Dirichlet is the multivariate generalization. Beta(α, β) is a distribution over a single proportion p ∈ [0, 1] — equivalent to Dirichlet on k = 2 categories. Dirichlet(α₁, …, α_k) extends to k probabilities summing to 1. Both are conjugate priors for their respective likelihoods (Beta for Bernoulli/binomial, Dirichlet for categorical/multinomial). Both have the same pseudo-count intuition. The marginal of any single Dirichlet component pᵢ is a Beta(αᵢ, α₀ − αᵢ), so questions about one category at a time reduce to Beta inference.

What does the concentration parameter α₀ control?

α₀ = Σ αᵢ is the total concentration. It controls how spread out the Dirichlet is around its mean. Small α₀ (< 1 in each component) makes draws sparse — most pᵢ near 0, with a few near 1. Large α₀ makes draws concentrated around the mean αᵢ/α₀. The variance of pᵢ is αᵢ(α₀ − αᵢ)/(α₀²(α₀ + 1)) — so as α₀ → ∞ the variance vanishes and draws approach the mean deterministically. Hyperparameter tuning for LDA centers on α₀.

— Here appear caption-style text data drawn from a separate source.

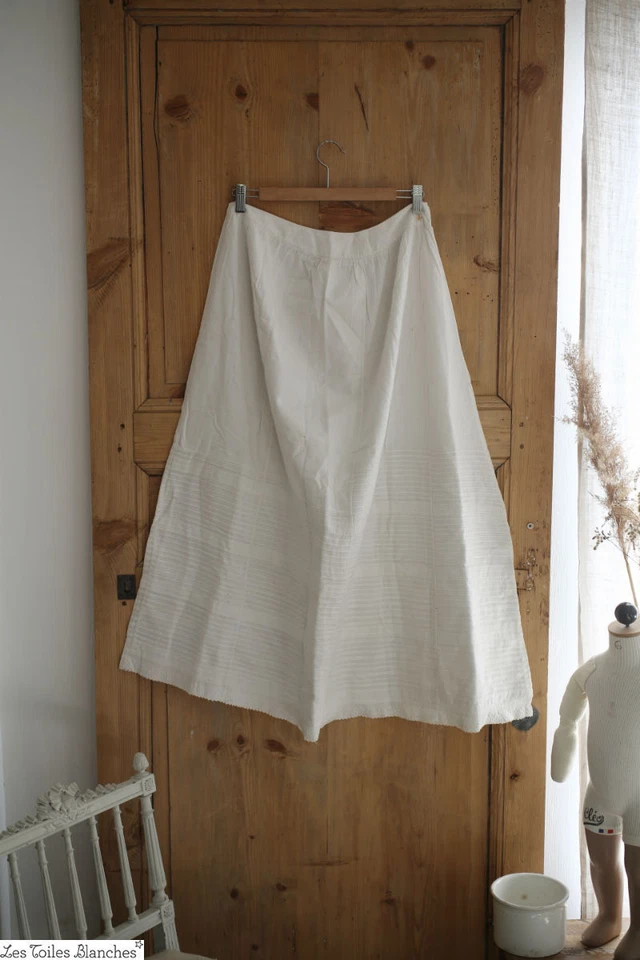 Antigua enagua francesa acanalada transparencia gasa encaje c 1880 Foto 2 de 4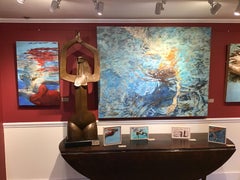 "Besar el suelo" pintura abstracta al óleo de mujer con traje rojo bajo el agua azul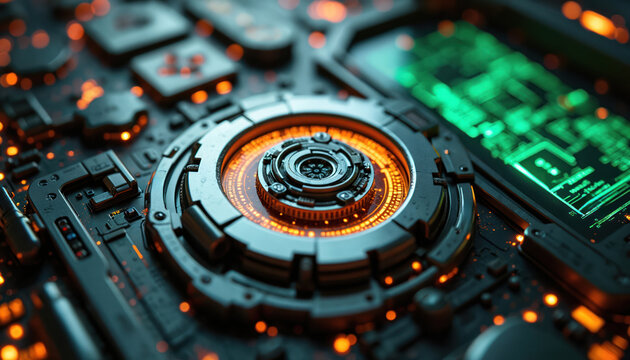 Advanced futuristic circuit board with glowing orange and green lights. Intricate metal components and digital interface. Machine learning AI system.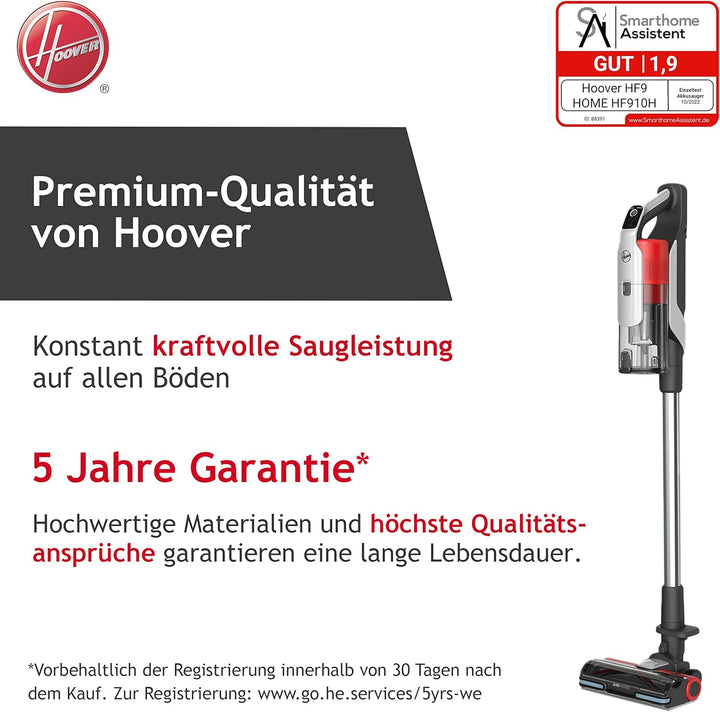 Hoover Akku-Staubsauger HF9 Home I Bis zu 120 m² mit nur Einer Akkuladung I Leistungsstarker Staubsa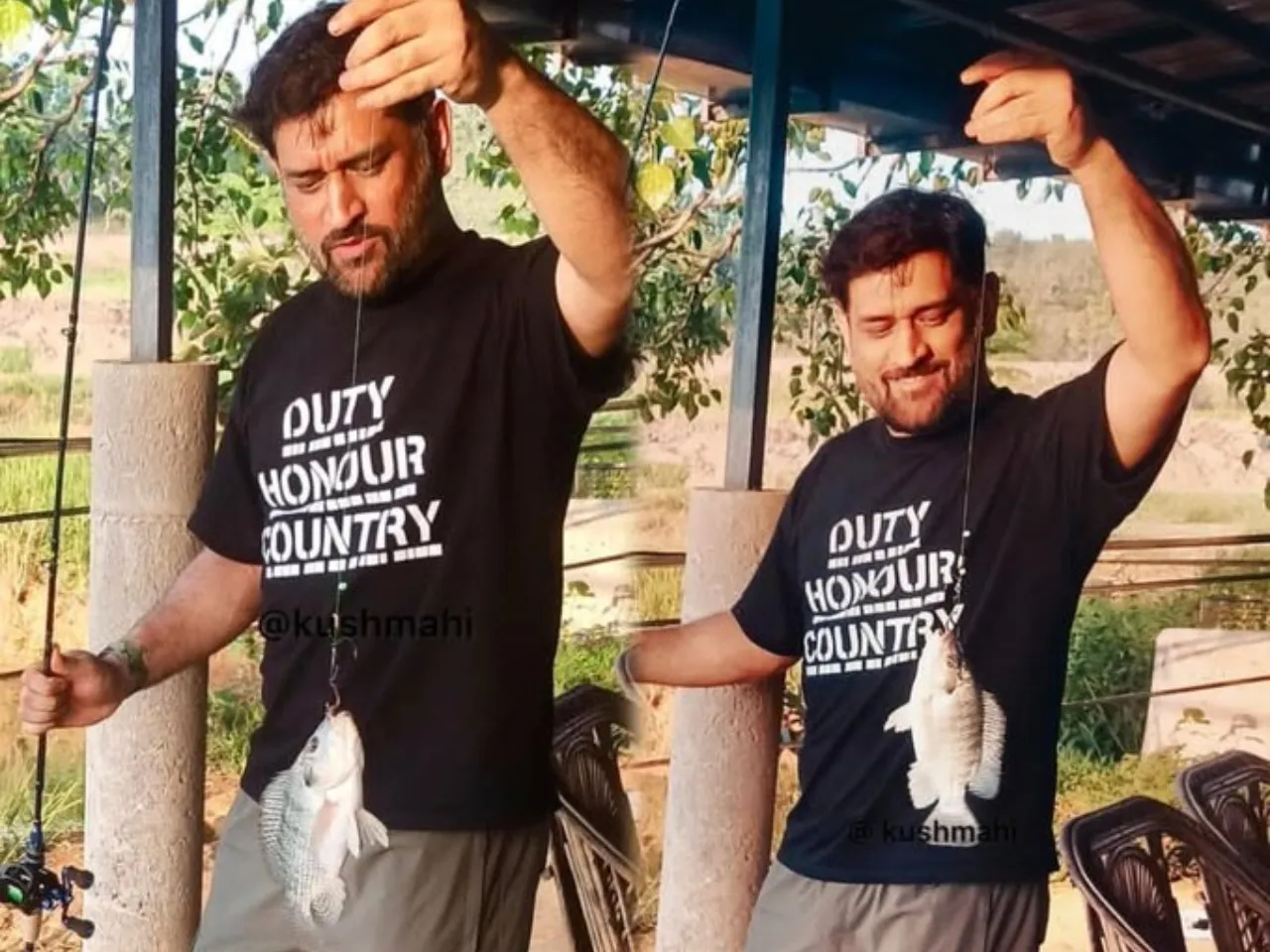 MS Dhoni enjoying fishing 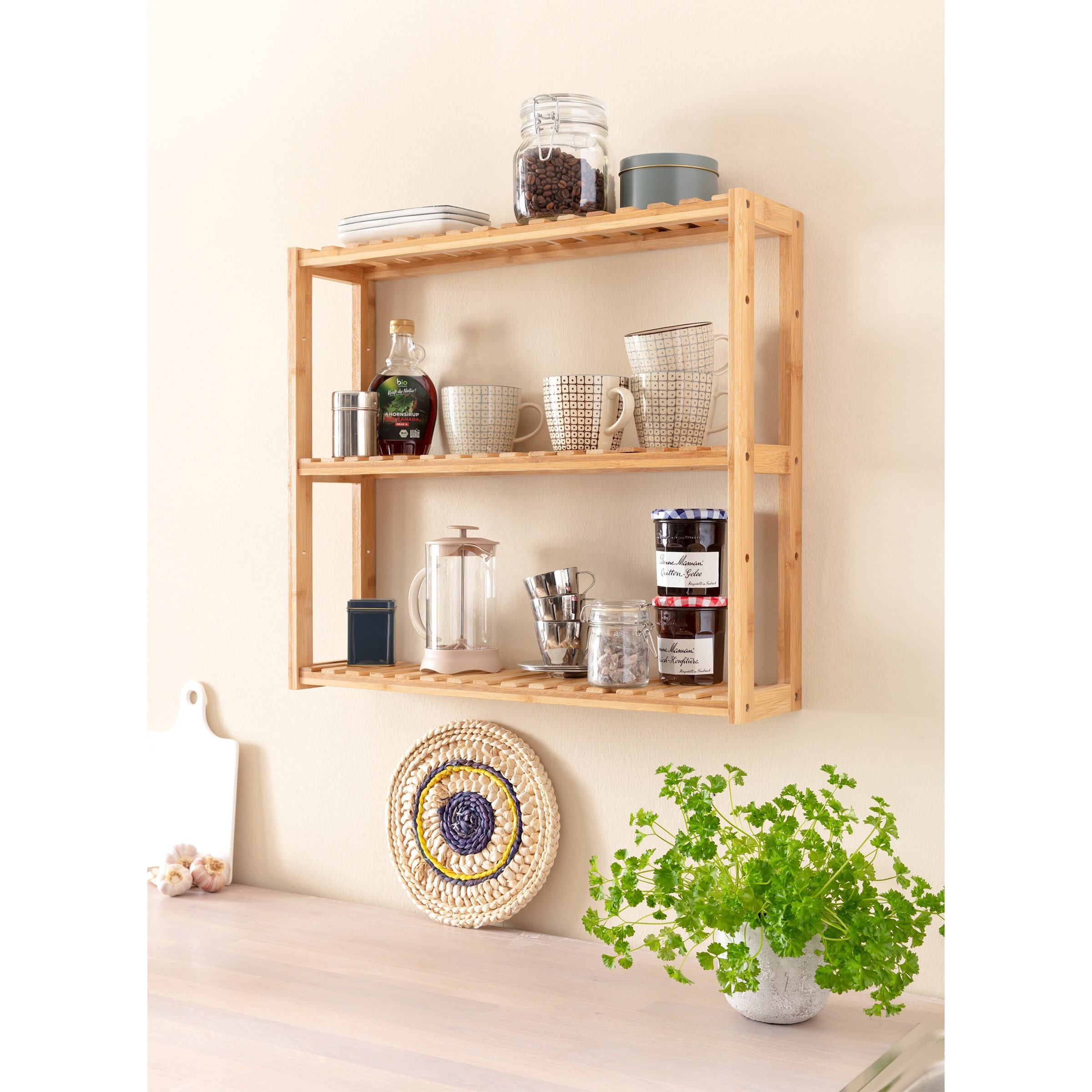Wand- und Standregal "Bambus"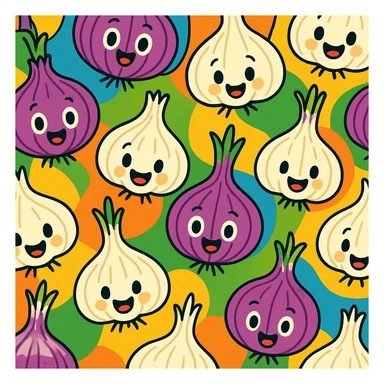 cute animated onion and garlic, seamless background, lively, colorful, simple design sticker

How do you sample from a Dirichlet?

The standard method uses independent Gamma draws. For each i, sample yᵢ ~ Gamma(αᵢ, 1). Then set pᵢ = yᵢ / (Σⱼ yⱼ). The resulting (p₁, …, p_k) is exactly Dir(α₁, …, α_k). This works because the Gamma family has the property that ratios of Gammas with the same rate parameter are Dirichlet — a beautiful consequence of the Gamma distribution being closed under the operation.

When does Dirichlet break down?

Dirichlet imposes a negative correlation between components — if pᵢ goes up, the others go down to maintain the sum-to-one constraint. This forces Cov(pᵢ, pⱼ) < 0 for i ≠ j. If your real-world probabilities have positive correlations, Dirichlet is wrong. Use the logistic normal (multivariate Gaussian on logit-transformed proportions) or Pólya tree distributions. Dirichlet also has only k parameters — it can't capture richer covariance structures.